“Universal Basic Income. For and Against”
by Antony Sammeroff
Foreword by Robert P. Murphy, PhD
Afterword by Dominic Frisby
With the accelerating onset of automation, the loss of manufacturing jobs in the west, a spiralling rise in income inequality, and the obvious failure of our welfare systems to provide those at the bottom of the economic ladder with a clear path out of poverty, many people are looking for alternative approaches to meeting people’s needs and guaranteeing every person with a dignified standard of living.
Most prominent among these approaches is the Universal Basic Income (UBI) or Basic Income Guarantee (BIG). The idea is simple. Each and every citizen will be entitled to a sum of money from the government – regardless of their income or occupation. Not a huge sum of money, but enough to ensure that their basic needs were met and that they wouldn’t go hungry.

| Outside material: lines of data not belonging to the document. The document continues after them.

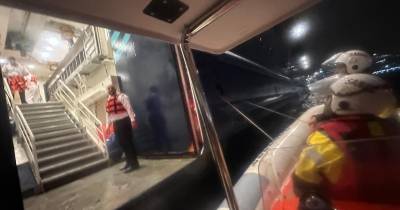 Suspeita de enfarte levou passageiro de cruzeiro ao hospital na noite de fim de ano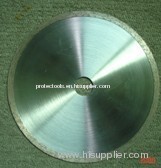 continuous rim diamond blade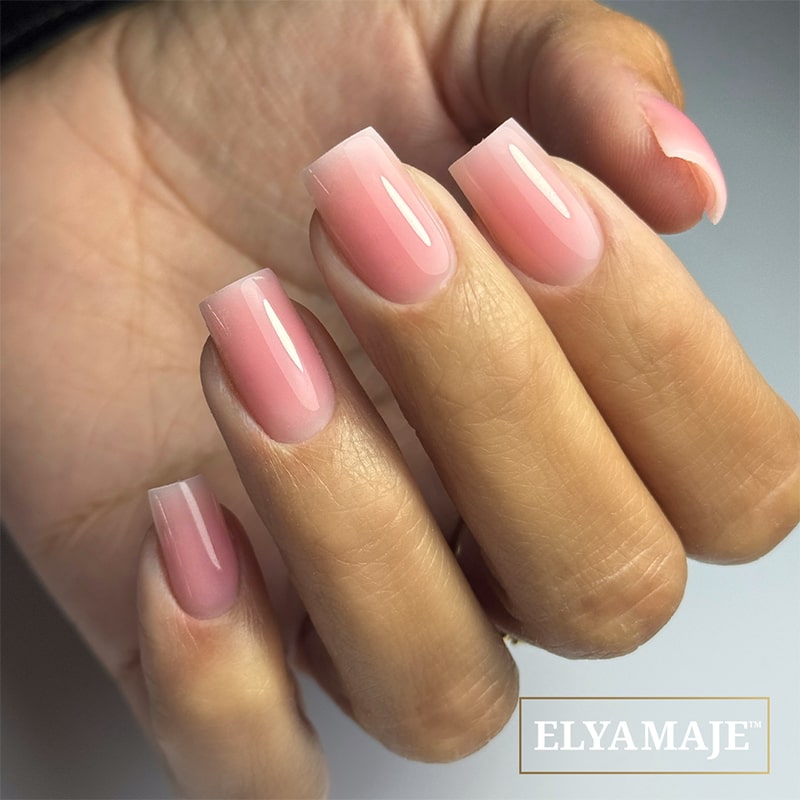 Elyamaje Pink Lips n°7 polygel liquide construction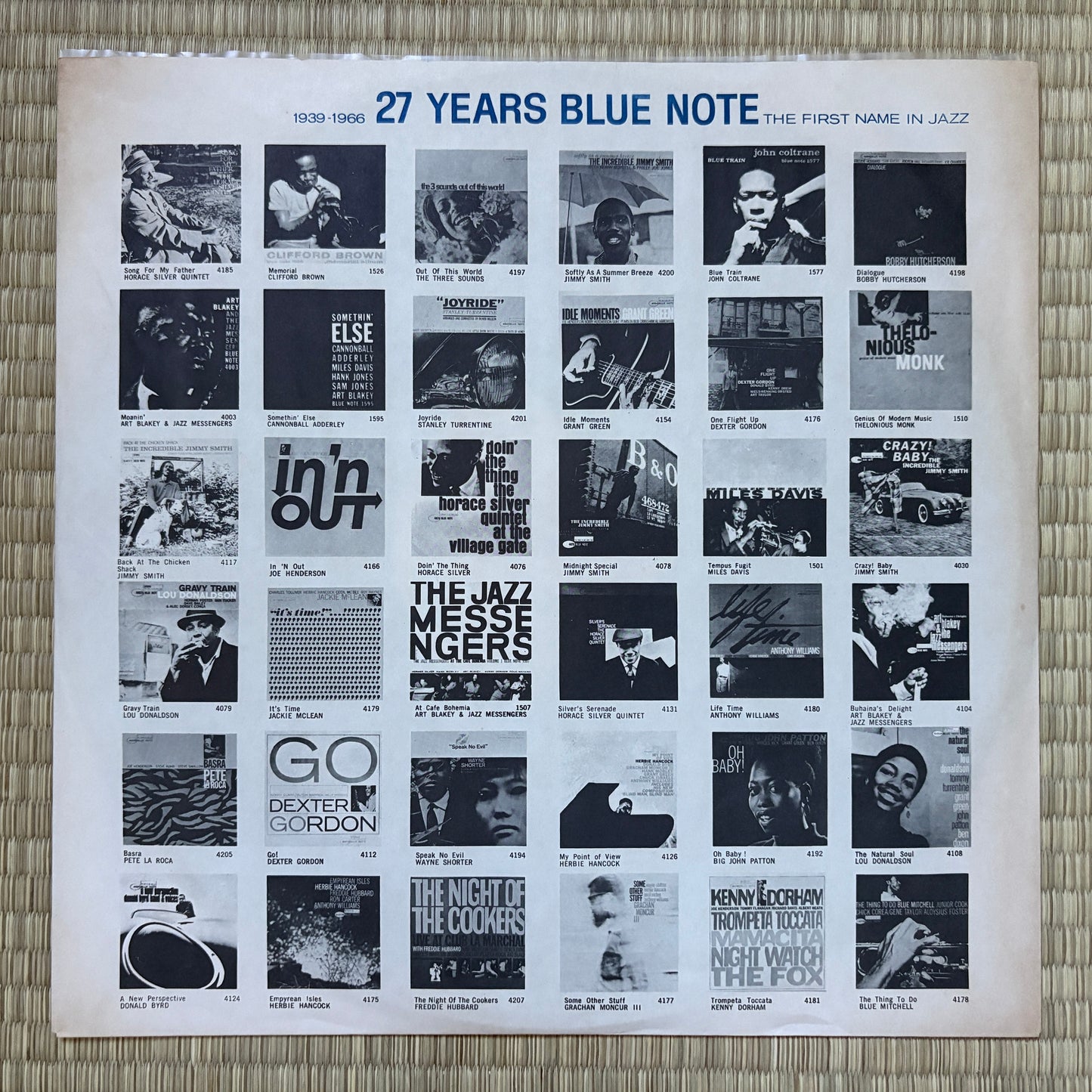 Don Cherry – Complete Communion / BST-84226 Blue Note US LP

Advocates on the left claim it would close the poverty trap where people are deterred from joining the workforce by the potential loss of their benefits, while freeing people from the capitalist mindset where our only role is to produce something that others can consume so that we can consume things that others produce. Advocates on the right claim it will save the market economy from socialism and central planning, while removing the disincentive to work provided by the current welfare state and reduce bureaucracy and government waste by simplifying the complex array of benefits to one single payment.
In this original take on the Universal Basic Income scheme, economist and self-help guru Antony Sammeroff explores the pros and cons of The Basic Income Guarantee and launching into a radical exploration of how we could reform our society to meet everyone’s needs and help them reach their grander aspirations.